GIVEN MATERIAL:

——————

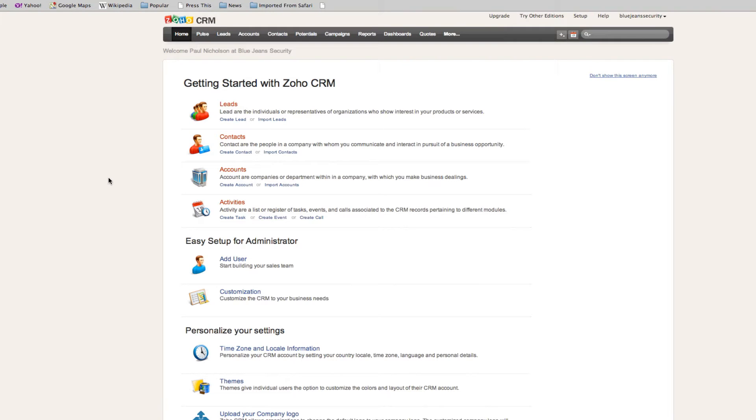Hello everyone, today we're going to talk about Zoho CRM and how easy it is to set up and use. The best part about it is it's absolutely free for three users for what we're going to do.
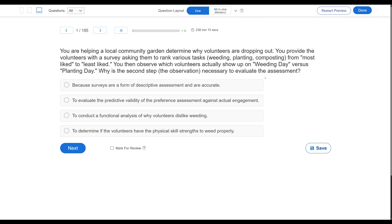In this mini-mock we're going to use a bunch of real-world examples, because as a BCBA, even though you're often working one-on-one in clinical controlled environments, ABA is human behavior at the end of the day. You've got to understand how our science and principles apply to everyday life. Let's break this question down. The survey is an indirect preference assessment. Then observing who shows up is a direct assessment. Why is that observation necessary to evaluate your assessment?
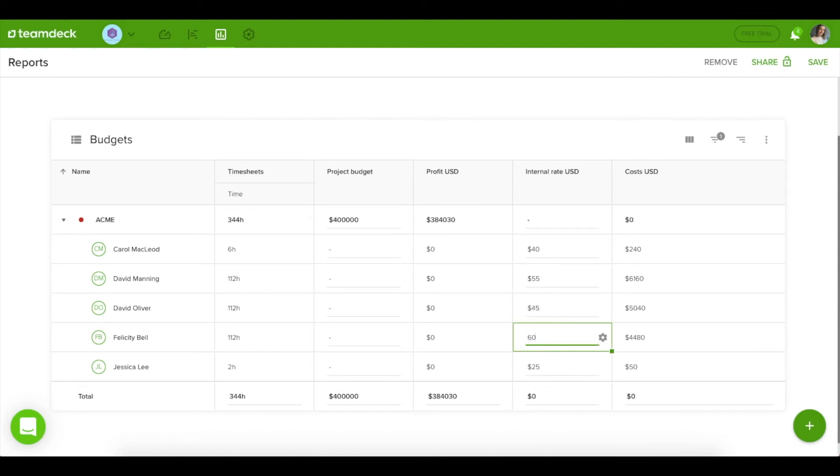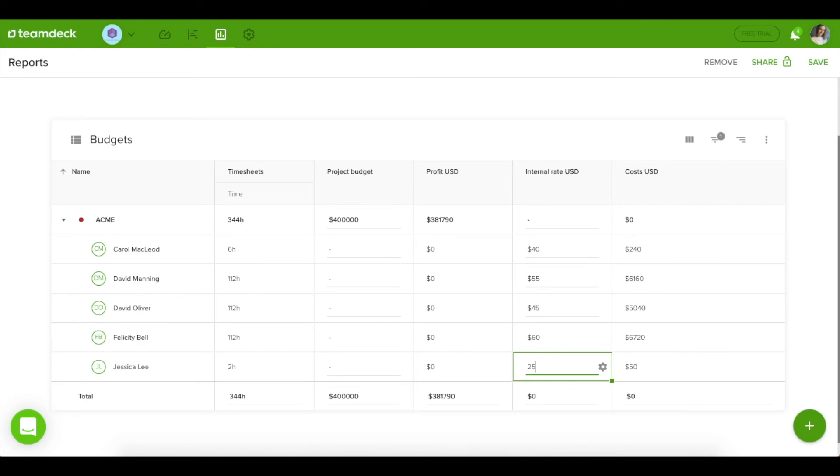The budget and internal rate column are custom, so you can fill them with data you need and modify at any time.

——————

Only the lines from the one containing "In this mini-mock" through the final line of the data should be given again, exactly and without pictures.

RESPONSE:
In this mini-mock we're going to use a bunch of real-world examples, because as a BCBA, even though you're often working one-on-one in clinical controlled environments, ABA is human behavior at the end of the day. You've got to understand how our science and principles apply to everyday life. Let's break this question down. The survey is an indirect preference assessment. Then observing who shows up is a direct assessment. Why is that observation necessary to evaluate your assessment?
The budget and internal rate column are custom, so you can fill them with data you need and modify at any time.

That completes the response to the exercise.